The user prompt that produced this ADR identified two further follow-ups that should land as their own ADRs if and when the triggering condition occurs. They are recorded here as pointer-stubs rather than full ADRs because each is a one-paragraph commitment, not a structured decision; opening a full ADR for either prematurely would inflate the ledger without buying decision resolution.

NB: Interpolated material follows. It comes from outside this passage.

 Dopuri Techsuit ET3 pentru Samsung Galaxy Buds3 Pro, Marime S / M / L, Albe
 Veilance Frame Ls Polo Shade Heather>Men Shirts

ADR-087 (prospective) — Pass-4 mesh-exchange scope clarification

ADR-084 §"Decision" lists "mesh-exchange compression" between sensor nodes when reporting cross-cluster events as the fourth of its five sites. The binding intent of that text is cluster-Pi to cluster-Pi exchange — i.e., the ADR-066 swarm-bridge channel between peer Cognitum Seeds — not sensor-MCU to cluster-Pi UDP traffic. The two are different problems: cluster-to-cluster is std Rust on Linux/Mac and reuses BinaryQuantized directly; sensor-to-Pi is what ADR-086 addresses. If the team later reinterprets Pass 4 as sensor→cluster-Pi UDP compression, that would be ADR-086's twin and should land as ADR-087 with its own firmware release, distinct from ADR-086's release. The clarification is one paragraph because the only decision is "which interpretation does ADR-084's Pass 4 mean", and the answer is currently the cluster-to-cluster reading. ADR-087 only opens if that reading is contested.

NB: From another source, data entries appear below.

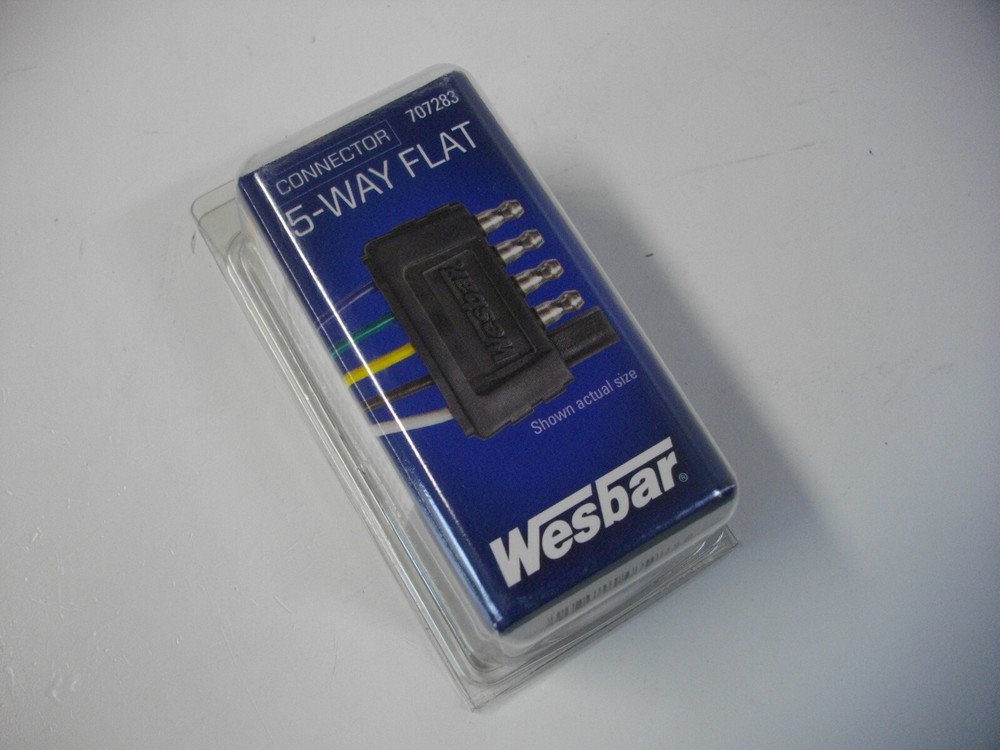 Wesbar 707283 5-Way Flat Light Connector Trailer Side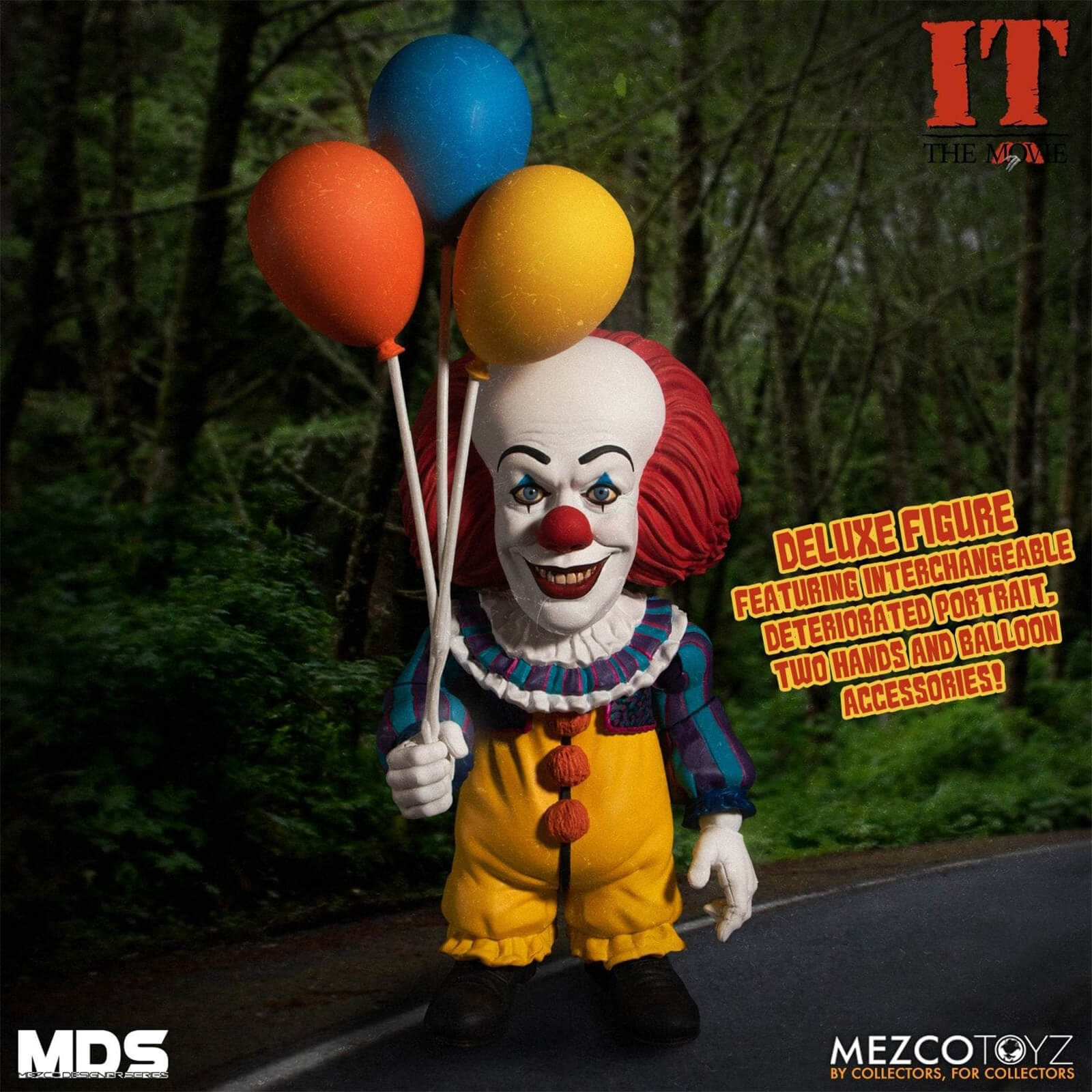 Mezco Stephen Kings IT 1990 MDS Deluxe Action Figure Pennywise 15 cm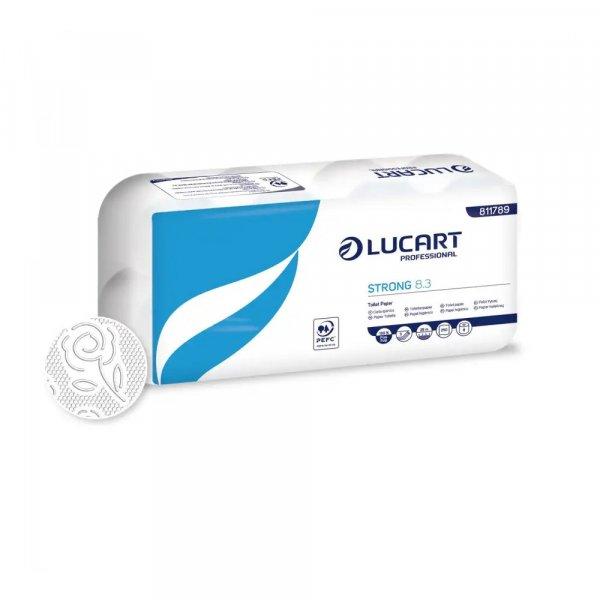 Toalettpapír 3 rétegű 250 lap/tekercs cellulóz hófehér 8 tekercs/csomag
8.3 Strong Lucart_811789P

ADR-088 (prospective) — Firmware-release coordination policy

Issues #386 and #396 (firmware-only fixes — the MGMT-only promiscuous filter and the 50 Hz callback-rate gate) demonstrate that the firmware can need a release independent of any cluster-Pi ADR work. ADR-086 is itself an example: it requires a firmware release that is not driven by ADR-084 or ADR-085, both of which are cluster-Pi-only. Today the implicit policy is "firmware releases when something firmware-only ships." That works but is undocumented. ADR-088 would formalize when a firmware release is required vs deferred, with concrete examples: a Kconfig flag flip (#386 / #396) must release; a Pi-side parser-only addition (ADR-085 Sites 1–7) must not; a wire-format magic bump (ADR-086) must release and must re-cut the witness bundle; a feature-flag-default flip on a shipped v7 firmware should release a config bundle but not a firmware binary. ADR-088 opens when the next firmware-only change after ADR-086 lands and forces the decision; it is recorded here as a slot rather than written speculatively because the actual release- gating questions only become concrete in the presence of a real shipping change.